2. Liegenschaften, auf denen durch eine Benützung, die für solche Liegenschaftsarten nach der allgemeinen Verkehrsanschauung üblich ist, keine Abfälle anfallen und auch durch die tatsächliche Benützung durch den hiezu Berechtigten keine Abfälle anfallen."

§ 18 Abs. 1 Z 2 Wr. AWG enthält zwei Voraussetzungen, die beide vorliegen müssen, damit eine Ausnahme von der öffentlichen Müllabfuhr in Betracht kommt.

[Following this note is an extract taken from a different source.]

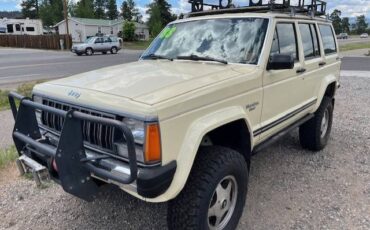 Jeep-cherokee-pioneer-1988-yellow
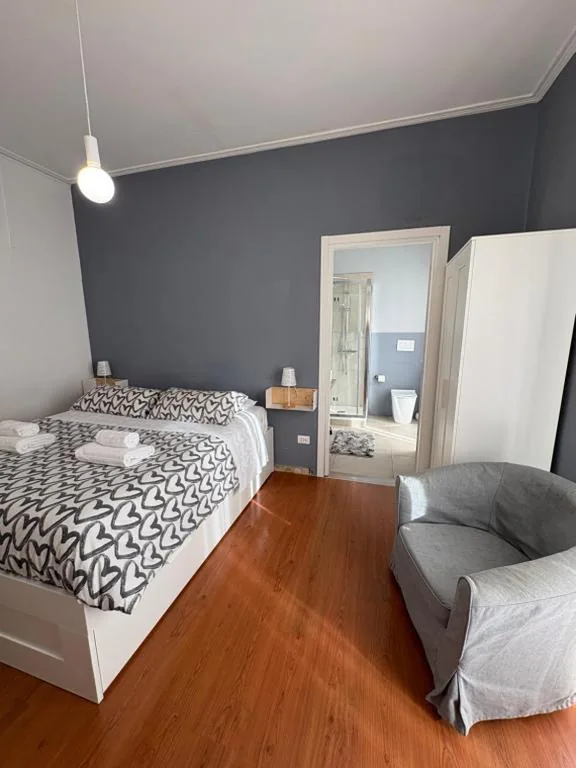 Ampia Camera Matrimoniale — Delle Rose Rooms – Le Arche Verona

Die erste der beiden Voraussetzungen stellt nicht auf den konkreten Müllanfall auf einer Liegenschaft ab, sondern auf die für eine Liegenschaftsart nach der allgemeinen Verkehrsanschauung übliche Benützung. Fallen bei einer solchen Benützung typischerweise Abfälle an, kommt eine Ausnahme von der öffentlichen Müllabfuhr nicht in Betracht, ohne dass es noch einer Prüfung bedürfte, ob auf der Liegenschaft, für die eine Ausnahme beantragt wird, Müll anfällt oder nicht (vgl. die hg. Erkenntnisse vom 1. Juni 2006, Zl. 2005/07/0174, und vom 17. September 2009, Zl. 2008/07/0015).

Die belangte Behörde ging im vorliegenden Fall davon aus, dass der Anfall von Müll auf der verfahrensgegenständlichen Liegenschaft bereits wegen des Bestandes eines bewohnbaren Einfamilienhauses grundsätzlich nicht auszuschließen sei. Ob auf der Liegenschaft nicht nur üblicherweise, sondern auch tatsächlich Müll anfalle, sei nicht weiter zu prüfen gewesen.

Mit dieser Rechtsansicht findet sich die belangte Behörde in Übereinstimmung mit der zitierten hg. Rechtsprechung. Das Anknüpfen an einen bewohnbaren Zustand ist insofern rechtmäßig, weil sich daraus die übliche Benutzung ergibt. Der tatsächliche Anfall von Abfall ist nicht ausschlaggebend.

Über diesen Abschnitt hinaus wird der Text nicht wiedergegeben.